**TASK STATEMENT**
Give back each entry word for word, but drop the images.

**Data extracted from a collection**

►

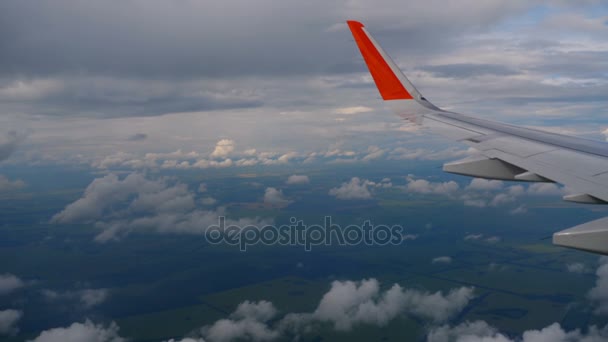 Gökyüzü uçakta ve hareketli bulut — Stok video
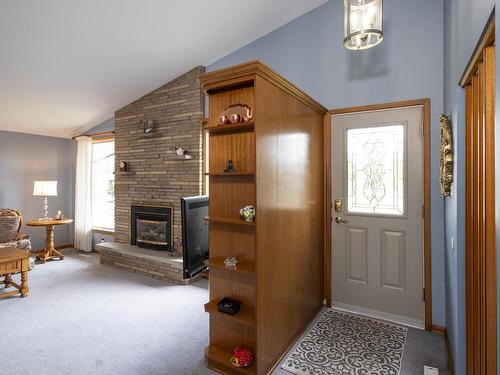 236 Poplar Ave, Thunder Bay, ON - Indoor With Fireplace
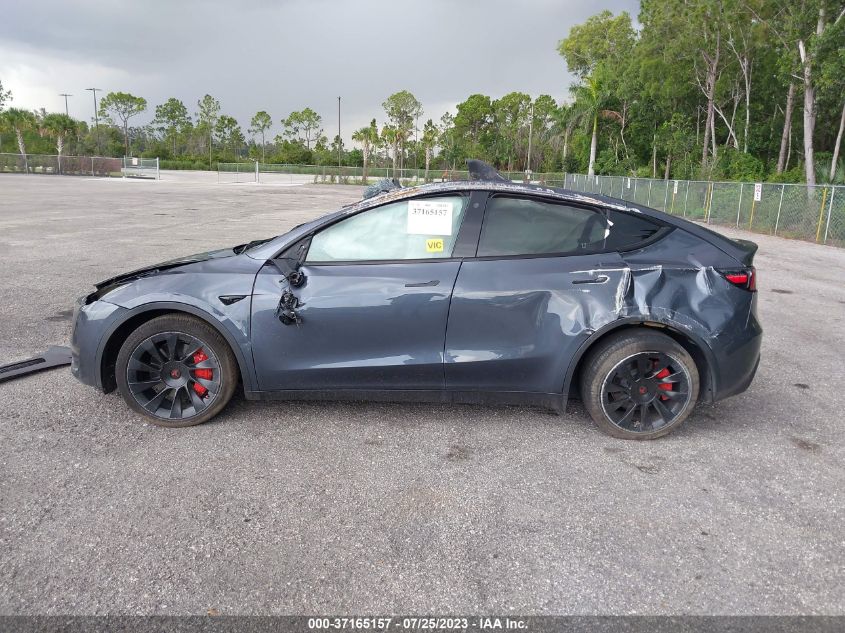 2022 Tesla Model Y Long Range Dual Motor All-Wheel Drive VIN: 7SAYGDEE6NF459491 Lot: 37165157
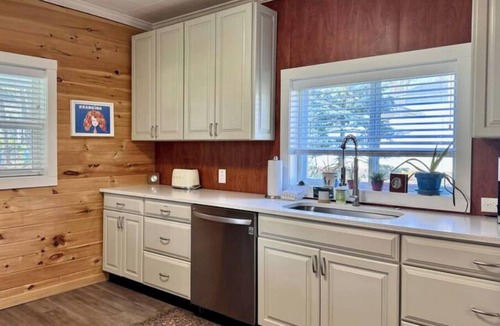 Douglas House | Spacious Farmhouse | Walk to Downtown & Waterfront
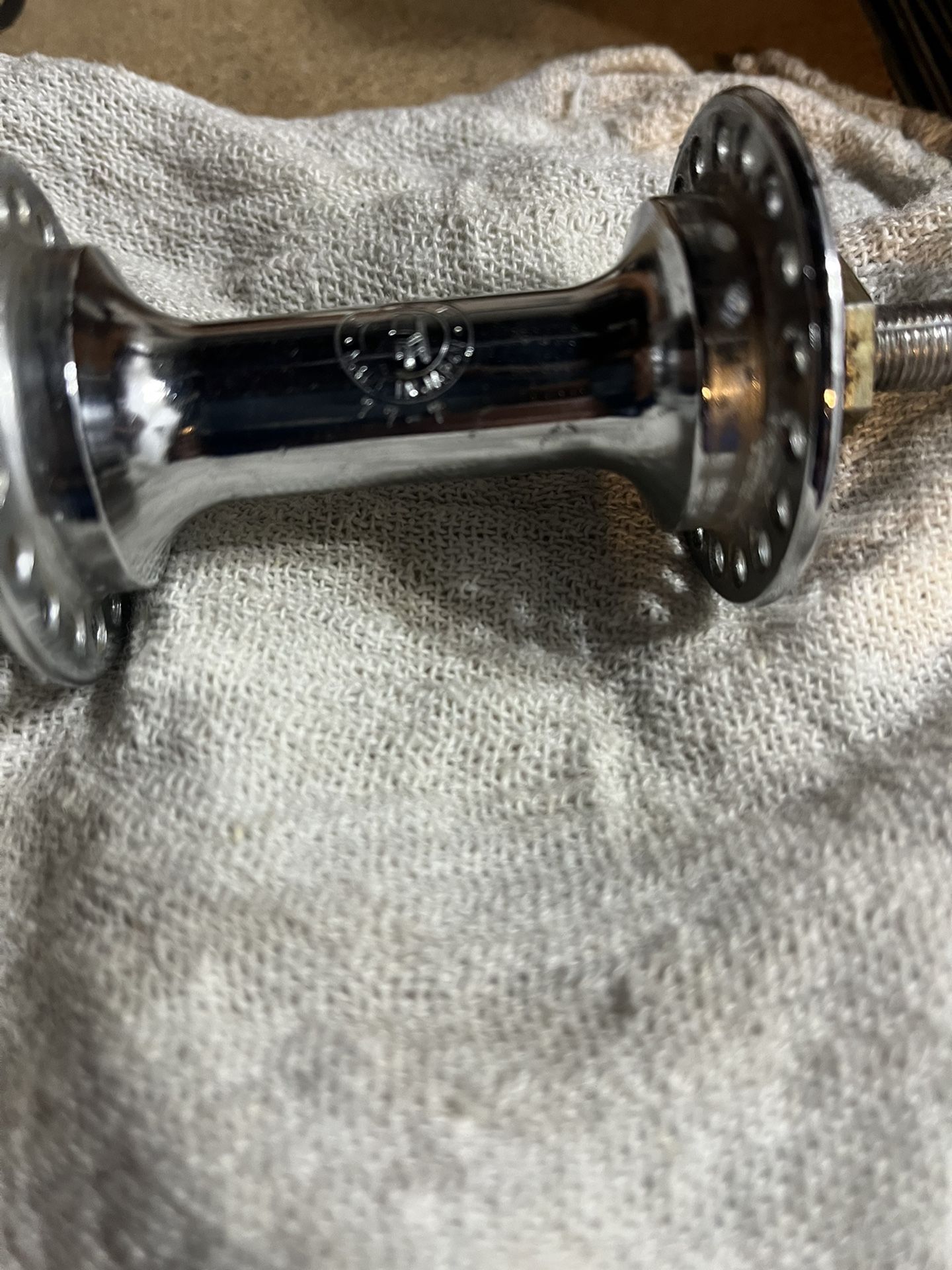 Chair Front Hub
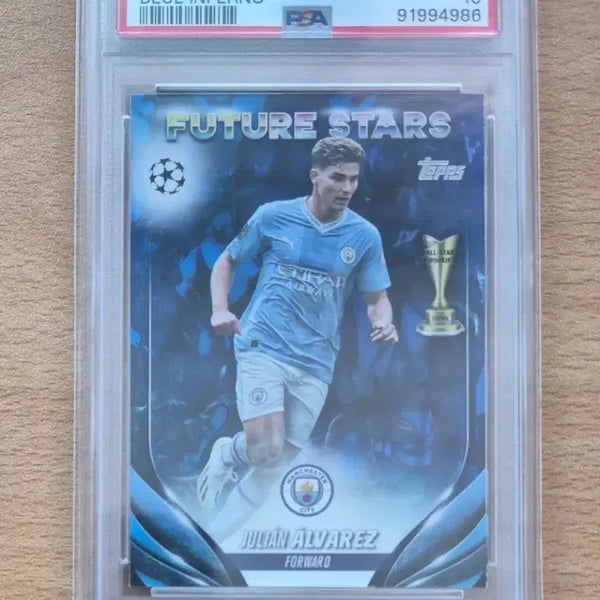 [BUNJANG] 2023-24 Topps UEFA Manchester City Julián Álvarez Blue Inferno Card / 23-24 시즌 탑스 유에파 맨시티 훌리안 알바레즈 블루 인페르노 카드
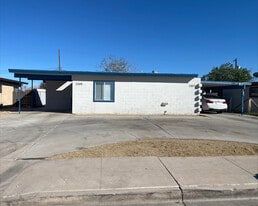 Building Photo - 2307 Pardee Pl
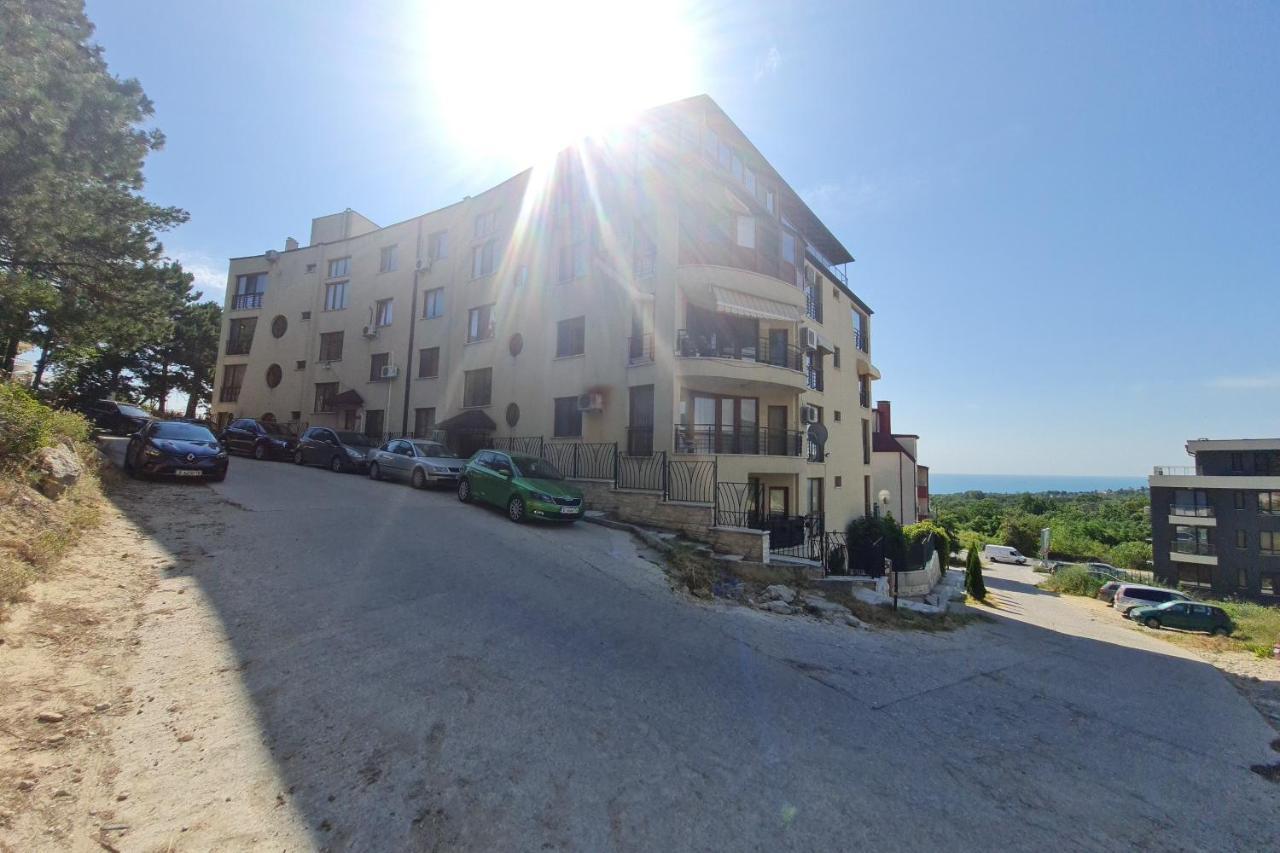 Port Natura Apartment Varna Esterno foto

◄

**ANSWER SPACE**
 Gökyüzü uçakta ve hareketli bulut — Stok video
 236 Poplar Ave, Thunder Bay, ON - Indoor With Fireplace
 2022 Tesla Model Y Long Range Dual Motor All-Wheel Drive VIN: 7SAYGDEE6NF459491 Lot: 37165157
 Douglas House | Spacious Farmhouse | Walk to Downtown & Waterfront
 Chair Front Hub
 [BUNJANG] 2023-24 Topps UEFA Manchester City Julián Álvarez Blue Inferno Card / 23-24 시즌 탑스 유에파 맨시티 훌리안 알바레즈 블루 인페르노 카드
 Building Photo - 2307 Pardee Pl
 Port Natura Apartment Varna Esterno foto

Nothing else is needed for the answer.